O grupo político nunca alimentou nenhuma veleidade republicana ou social. Chegou ao poder, sem voto, com o objetivo de se livrar das acusações e das punições, com a possibilidade de usar os cargos (e suas prerrogativas legais) para obstrução da Justiça, e para executar uma agenda antinacional, antipopular, de interesse do mercado e dos empresários brasileiros

Presidente Michel Temer 12/04/2017 REUTERS/Ueslei Marcelino
Presidente Michel Temer 12/04/2017 REUTERS/Ueslei Marcelino (Foto: Michel Zaidan)

Com a denúncia e prisão dos assessores, amigos e correligionários ligados a Michel Temer, o fim do governo golpista se aproxima a passos largos. Primeiro veio a denúncia dos donos JBS, com as gravações de áudio e vídeo das propinas pagas pelo grupo. Depois, o pedido de prisão e o afastamento das funções parlamentares do senador Aécio Neves e seus parentes. Agora, a prisão do superassessor especial, Rocha Loures. Falta ainda o tal do coronel Lima, que parece ter pagado despesas pessoais de Temer e recebido propinas em seu nome. A esse grupo seleto de amigos e assessores, some-se o triunvirato: Romero Jucá (já denunciado), Alexandre Padilha (já denunciado) e o sogro do atual Presidente da Câmara, Rodrigo maia, o ex-deputado Wellington Moreira Franco (já denunciado). Este governo se sustenta num enorme "abraço de afogados", uns se apoiam nos outros e caíram juntos no poço da indecência e da imoralidade.
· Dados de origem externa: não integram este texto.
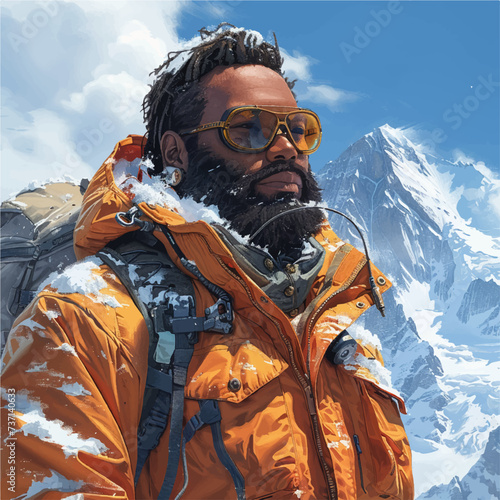 Man with winter clothes on a snow mountain vector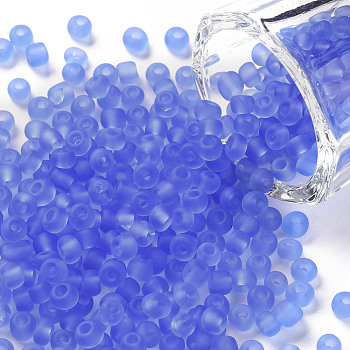 (Repacking Service Available) Glass Seed Beads, Frosted Colors, Round, Cornflower Blue, 6/0, 4mm, Hole: 1~1.5mm, about 12g/bag
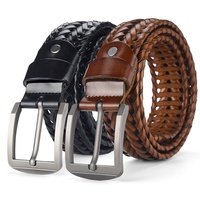 Ceinture tissée en cuir véritable unisexe avec boucle à aiguille en alliage de zinc résistante à la déchirure J-118 de ceinture à trou d'aiguille complet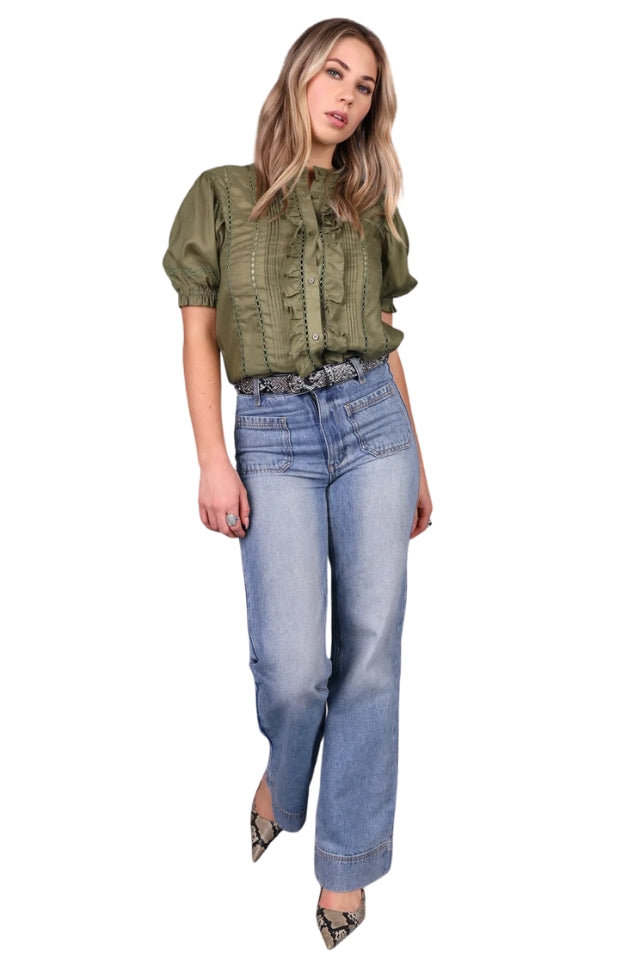 Short Sleeve Lace Detail Shirt - Khaki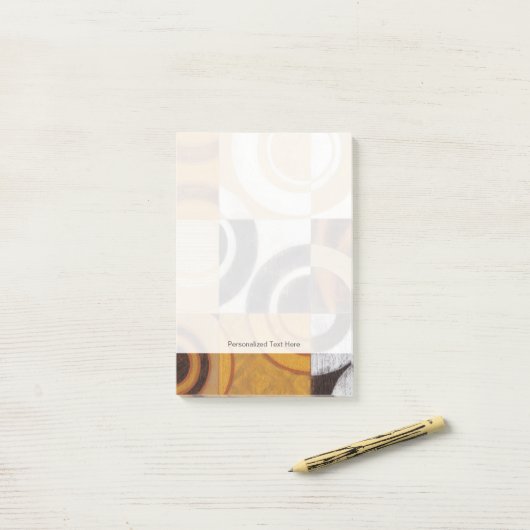 円モダン形パ絵画ターン付きの ポストイット (デスク上)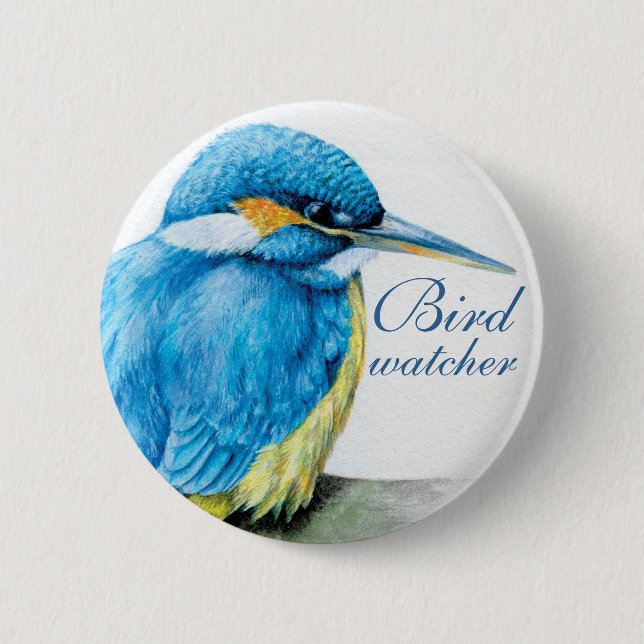 Kingfisher bird watcher button/badge 6 cm round badge (Front)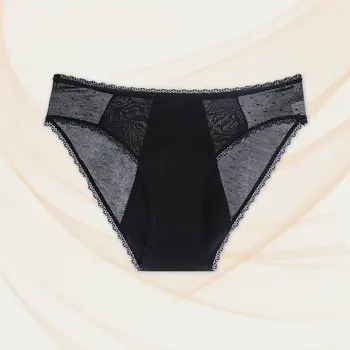 Culotte menstruelle lavable noire sexy dentelle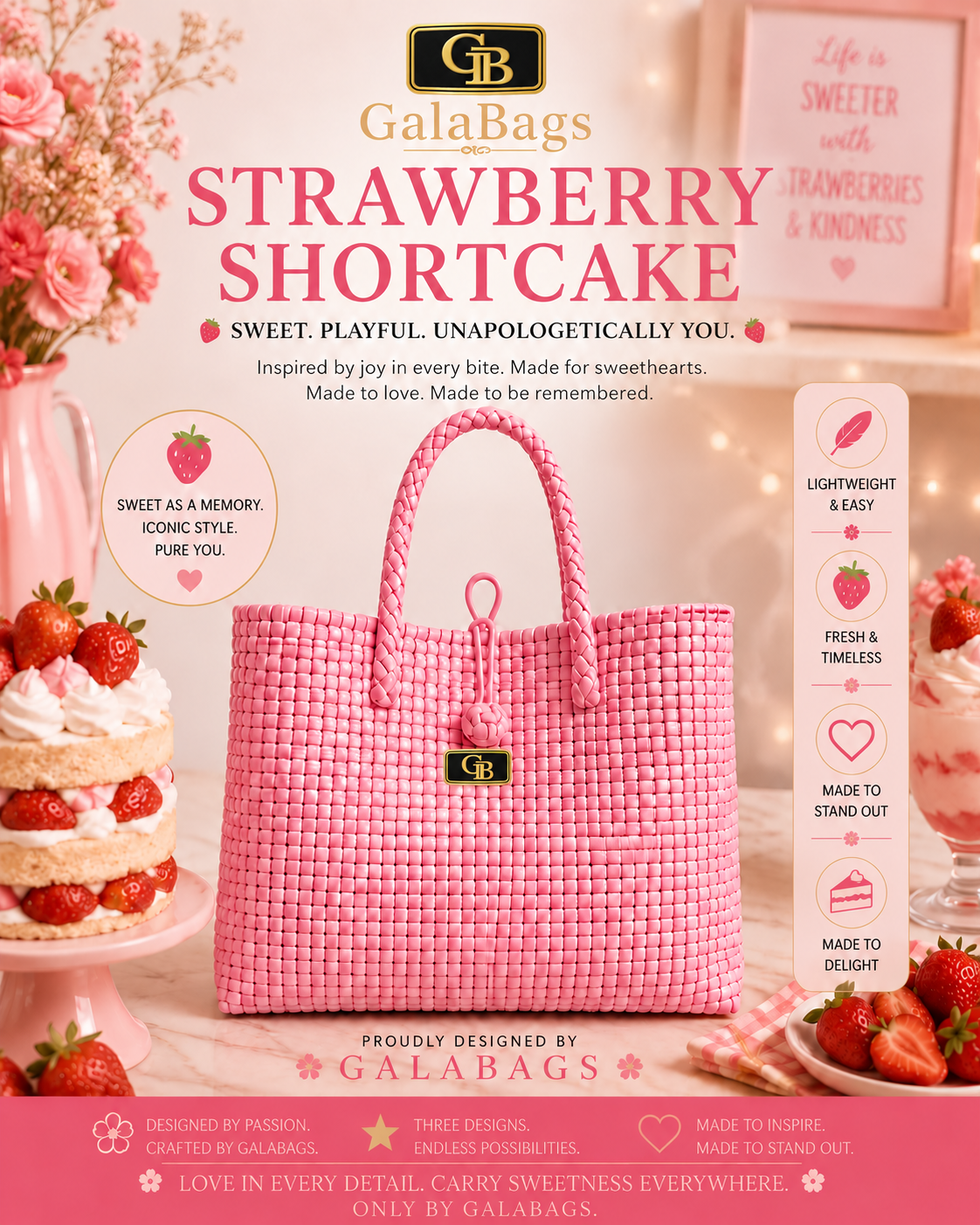 Strawberry Shortcake GalaBag pink and white handwoven tote in branded promotional styling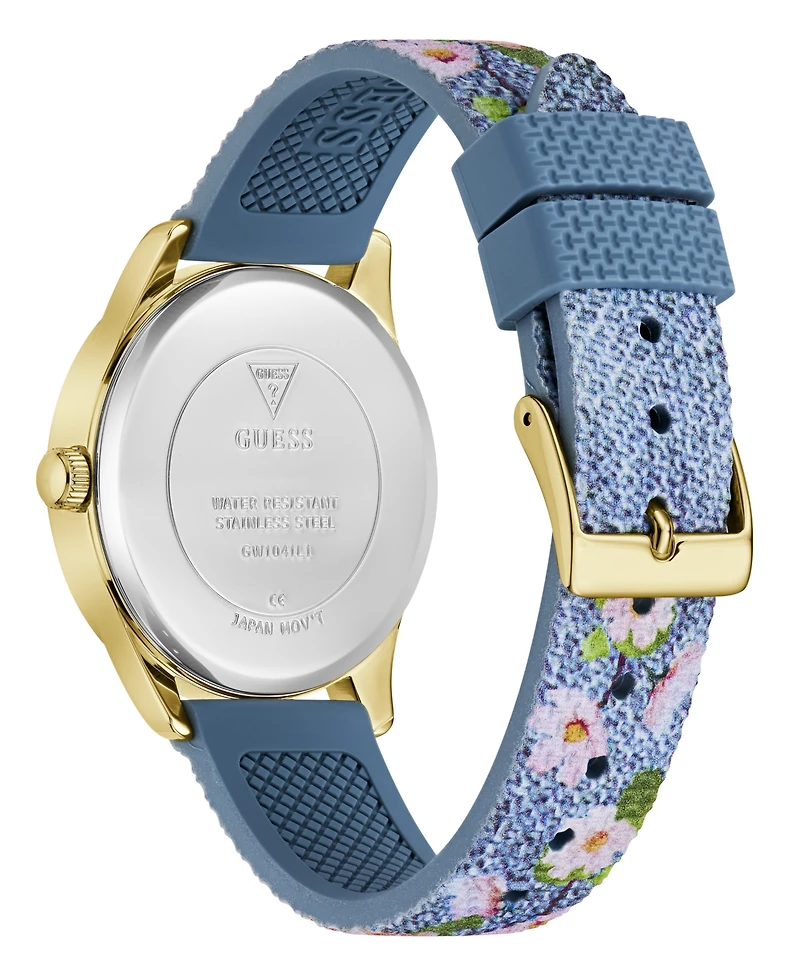 Guess Women's Floral Print Silicone Strap Analog Watch, 36mm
O grupo político nunca alimentou nenhuma veleidade republicana ou social. Chegou ao poder, sem voto, com o objetivo de se livrar das acusações e das punições, com a possibilidade de usar os cargos (e suas prerrogativas legais) para obstrução da Justiça, e para executar uma agenda antinacional, antipopular, de interesse do mercado e dos empresários brasileiros, cujo a principal motivação é não pagar impostos, enriquecer à custa dos bancos públicos, e explorar selvagemente a mão-de-obra dos brasileiros, sob a alegação do famigerado "custo Brasil".

Farão tudo para alongar a agonia desse governo imoral. Tentaram atrapalhar o julgamento do TSE, inclusive com a exclusão de provas obtidas em gravações e delações anteriores. Tentaram interpor recursos e mais recursos junto ao STF para procrastinar inquéritos, ouvidas e a pronúncia pelo Ministério Público Federal. Desde que a massa de manobra parlamentar aprove, a trancos e barrancos, as reformas encomendadas por banqueiros e industriais. E, depois de tudo, ainda vão aparecer os espertos para propor uma continuidade desse governo, através de eleições indiretas ou prorrogação de mandatos.

Não há o que se esperar mais (de ruim) dessa gente. É necessário e urgente transformar a indignação e a revolta cívica em movimento social, que repercuta, ressoe, impulsione um formidável "coro dos descontentes" que intimide moralmente e politicamente aqueles que, mesmo relutantemente, ainda apoiem essa nau que caminha celeremente para o naufrágio. Alguns ainda observam, se agarram como podem às vantagens e benesses que este governismo em crise pode oferecer. Mas a debandada já começou e é irremediável. O núcleo duro do poder está ficando nu e sozinho.